Reference in this specification to “one embodiment” or “an embodiment” means that a particular feature, structure, or characteristic described in connection with the embodiment is included in at least one embodiment of the disclosure. The appearances of the phrase “in an embodiment” in various places in the specification are not necessarily all referring to the same embodiment, nor are separate or alternative embodiments mutually exclusive of other embodiments. Moreover, various features are described which may be exhibited by some embodiments and not by others. Similarly, various requirements are described which may be requirements for some embodiments but not for other embodiments.

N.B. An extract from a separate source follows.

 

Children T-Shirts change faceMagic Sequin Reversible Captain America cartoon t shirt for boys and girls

The terms used in this specification generally have their ordinary meanings in the art, within the context of the disclosure, and in the specific context where each term is used. Terms that are used to describe the disclosure are discussed below, or elsewhere in the specification, to provide additional guidance to the practitioner regarding the description of the disclosure. For convenience, some terms may be highlighted, for example using italics and/or quotation marks. The use of highlighting has no influence on the scope and meaning of a term; the scope and meaning of a term is the same, in the same context, whether or not it is highlighted. It will be appreciated that the same thing can be said in more than one way. One will recognize that “memory” is one form of a “storage” and that the terms may on occasion be used interchangeably.

Consequently, alternative language and synonyms may be used for any one or more of the terms discussed herein, nor is any special significance to be placed upon whether or not a term is elaborated or discussed herein. Synonyms for some terms are provided. A recital of one or more synonyms does not exclude the use of other synonyms. The use of examples anywhere in this specification including examples of any term discussed herein is illustrative only, and is not intended to further limit the scope and meaning of the disclosure or of any exemplified term. Likewise, the disclosure is not limited to various embodiments given in this specification.

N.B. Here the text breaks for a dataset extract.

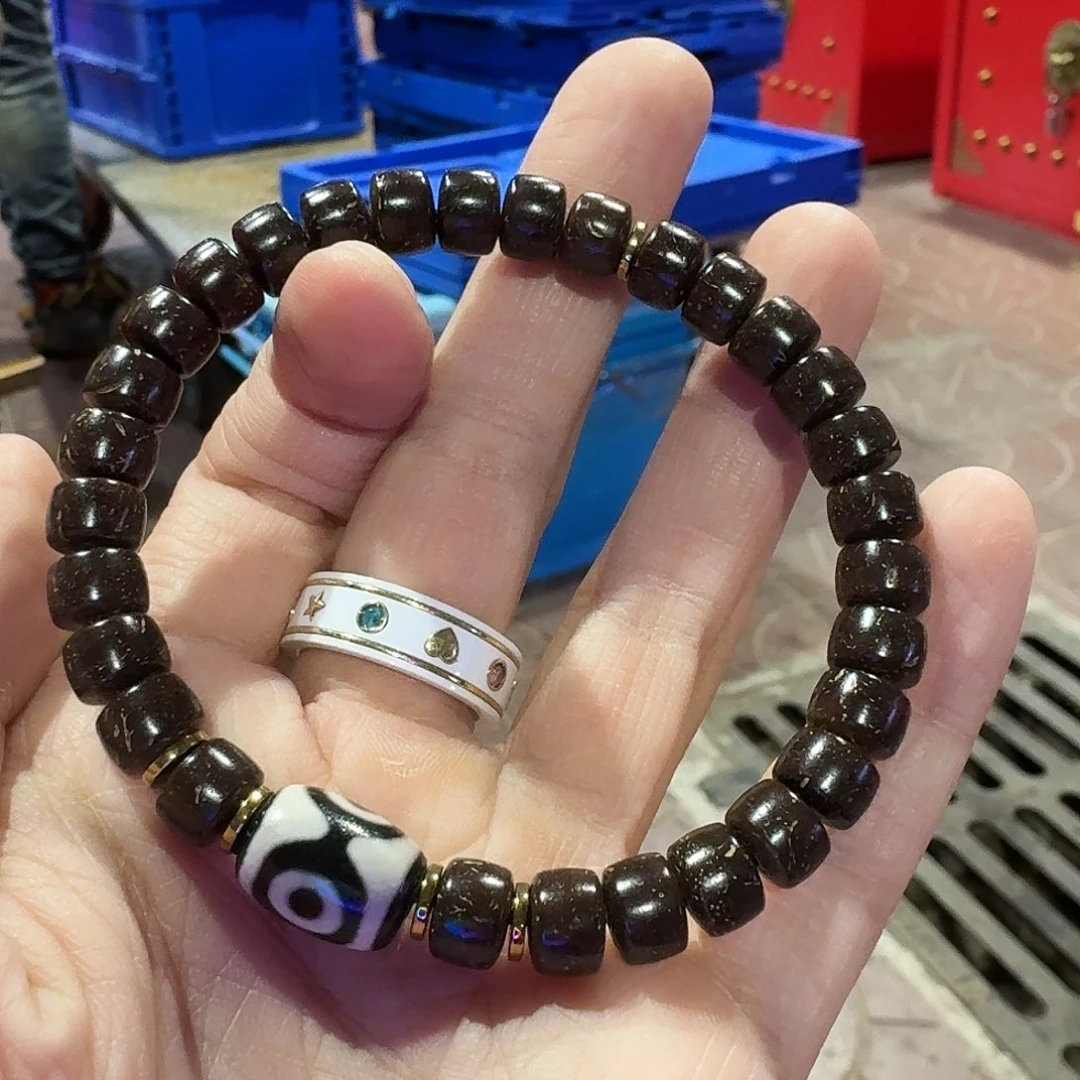 椰蒂手串86原生态三眼款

Those skilled in the art will appreciate that the logic illustrated in the flow diagram discussed above, may be altered in various ways. For example, the order of the logic may be rearranged, substeps may be performed in parallel, illustrated logic may be omitted; other logic may be included, etc.

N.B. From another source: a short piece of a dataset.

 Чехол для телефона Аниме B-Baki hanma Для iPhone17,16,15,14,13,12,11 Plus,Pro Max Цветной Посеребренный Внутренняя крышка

Without intent to further limit the scope of the disclosure, examples of instruments, apparatus, methods and their related results according to the embodiments of the present disclosure are given below. Note that titles or subtitles may be used in the examples for convenience of a reader, which in no way should limit the scope of the disclosure. Unless otherwise defined, all technical and scientific terms used herein have the same meaning as commonly understood by one of ordinary skill in the art to which this disclosure pertains. In the case of conflict, the present document, including definitions will control.

Although the invention is described herein in terms of several embodiments, one skilled in the art will readily appreciate that other applications may be substituted for those set forth herein without departing from the spirit and scope of the present invention. Accordingly, the invention should only be limited by the claims included below.